Heightened geopolitical risks stemming from attacks on Iran by the United States and Israel have triggered a significant surge in European natural gas prices. Analysts suggest the escalating situation in Iran is introducing new uncertainties and risks to Europe's energy market, potentially reigniting inflation in the region and further pressuring the economy.
According to reports, European natural gas prices have soared approximately 70% since the onset of hostilities. With passage through the Strait of Hormuz obstructed, transportation along this vital global energy corridor has been significantly impacted.
A senior fellow at the Bruegel think tank stated, "We may now be at the starting point of another energy crisis. This is a wake-up call for everyone."
Analysts point out that if the conflict persists, energy supplies from the Middle East could face further disruption, ultimately affecting European households and businesses, potentially leading to price increases for everything from electricity to food.
One analysis firm projects that if energy prices remain at current levels, the eurozone's inflation rate could increase by about 0.5 percentage points. Preliminary data showed the eurozone's annual inflation rate rose to 1.9% in February, up from 1.7% in January, intensifying market concerns about rebounding inflation.
Europe's natural gas supply structure also faces new uncertainty. Following attacks on two facilities, Qatar Energy recently indicated that its production would be affected. Reduced supplies could intensify competition between European and Asian buyers.

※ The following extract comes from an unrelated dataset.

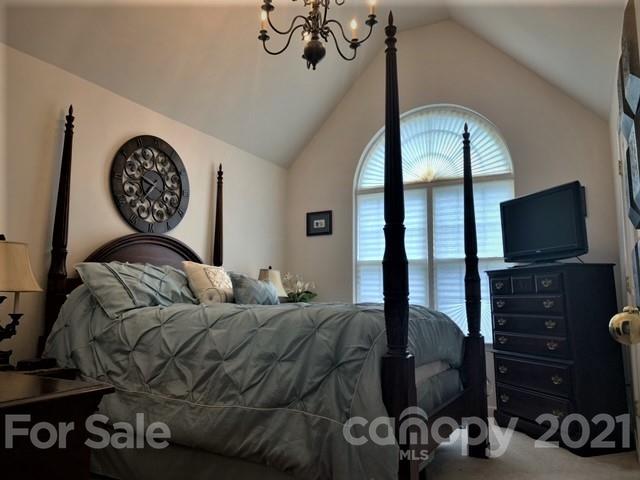 135 Scanlon Road Mooresville, NC 28115 - Photo 21 of 23 a bedroom with a bed window and a flat screen tv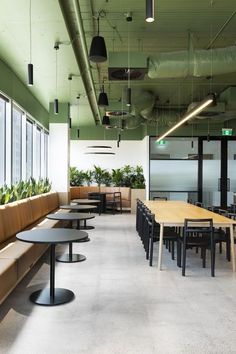 an empty room with tables and benches in it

Currently, Europe is already experiencing difficulties replenishing gas storage, with inventories at only about 30% of capacity. Industry data indicates German storage facilities are approximately 21% full, a relatively low level for this time of year. Analysts note that while the peak winter heating demand has passed, making immediate shortages unlikely, replenishing stocks for the next winter will present greater challenges. The EU has planned a meeting of energy experts and requested member states to submit national energy reserve assessment reports.
The EU has committed to diversifying supplies to mitigate risks, including seeking new natural gas sources and developing solar and wind projects. Furthermore, leaders from several European nations have travelled to the Middle East to secure gas supply agreements and are promoting energy-efficient technologies like heat pumps through subsidies.
However, a professor of energy and climate policy stated that the overall situation has not significantly improved, and Europe remains heavily dependent on imported energy.
Experts highlight that energy remains a major structural challenge for the European economy. The EU relies on imports for approximately 58% of its fossil fuel energy. Following the Ukraine crisis, the EU reduced its dependence on Russian natural gas but significantly increased imports of liquefied natural gas from the United States.
Rising energy costs are already impacting European industrial competitiveness. Analysts believe that if natural gas prices climb further, operational pressures on European industrial firms are likely to intensify. This week, shares of major industrial companies were among the worst performers.